On Sat, Jun 6, 2009 at 9:49 AM, Alexandre
Souza<alexandre-listas at e-secure.com.br> wrote:
? Small tip here:
? The FT-232 chip is a hell of expensive.
I wouldn't say it was that expensive - USB-to-TTL-serial cables are
$20 new here, and they are quite tidy and end in a dressed 0.1"
header. For me, it's more of a case of being too fine-pitched for
easy breadboarding and I'm usually too lazy to cut a fresh board just
for USB-serial, so I use the ready-to-go cables.
Buy an old NOKIA data cable (one
with the fun port connector) or like (siemens, maxom, any very old data
cable) for $1 and you have the USB-to-TTL-Serial(needs max-232 to be a full
usb to rs-232 cable) for a cheap.
Can you point me to pictures of such cables?
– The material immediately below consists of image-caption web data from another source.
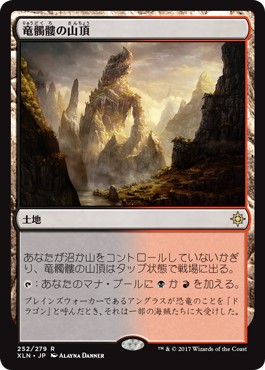画像1: 【日本語版】竜髑髏の山頂/Dragonskull Summit (1)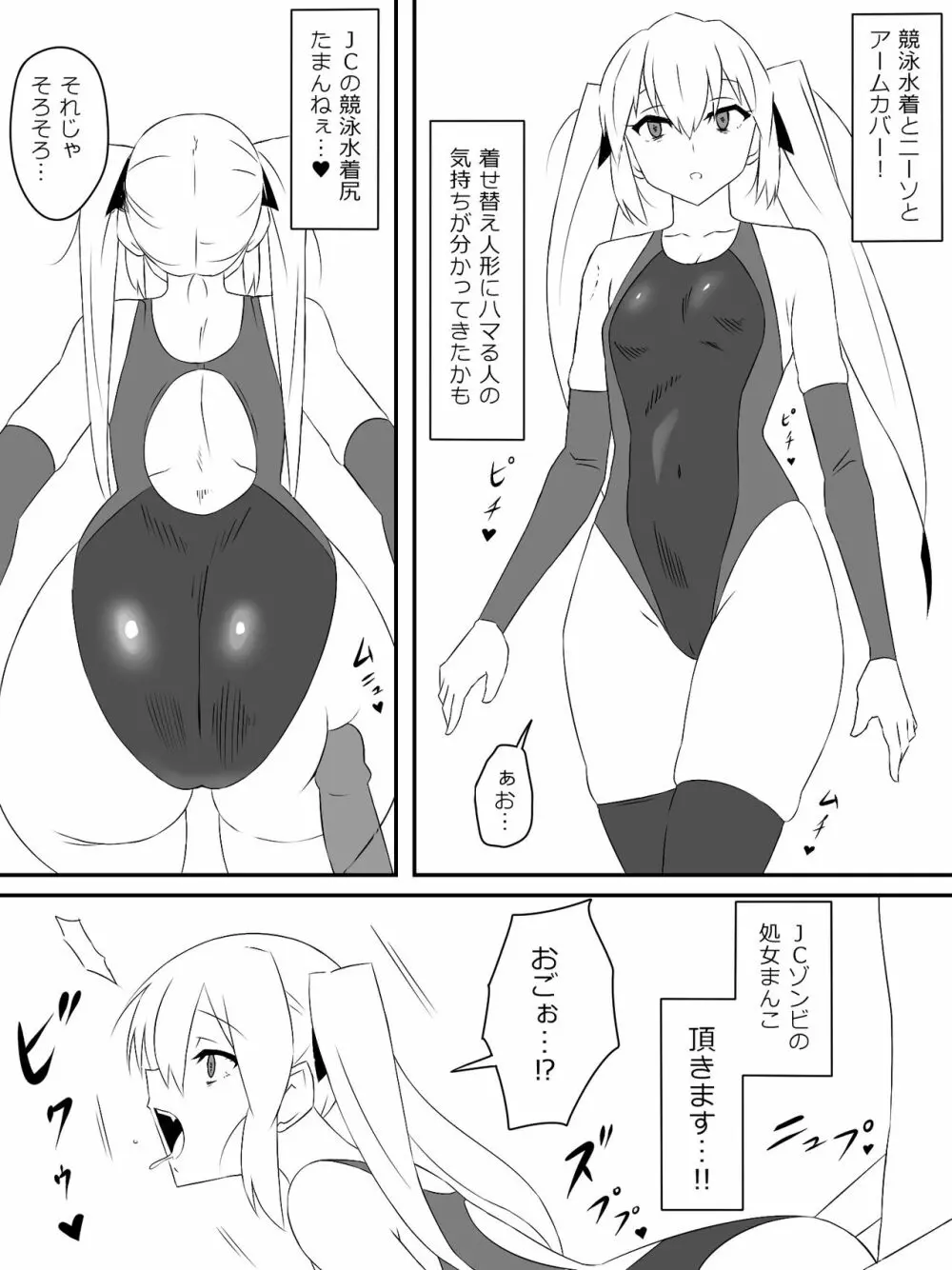 ゾンビハーレムライフ～抗体持ちの俺と爆乳ゾンビ～ - page32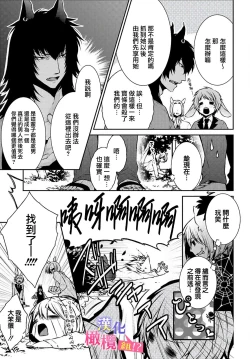 Page 13 of Zenkou Seito ni Nerawareru!? Osu shika Inai Kemono Gakuen| 被全校师生盯上了!? 只有雄性的怪物学园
I see phone adapters at
the thrift stores every time I go, and I don't mind hacking a $1 cable
(which is what they are here, too) to save $20. I just don't know
exactly what I'm looking for. "the fun port connector" doesn't mean
much to me - I've never owned a Nokia phone (in fact, I've only owned
two cell phones in 10 years, so I'm _not_ the right person for knowing
different vendors' quirks).
These data cables have an FTDI chip in them, but what identifier do
they send to the host? I do some USB development (for LCD screens)
and have run across a number of questions raised about serial drivers
and chips not matching up and having to reset the identifiers and such
(or hack the driver to look for the "right" thing).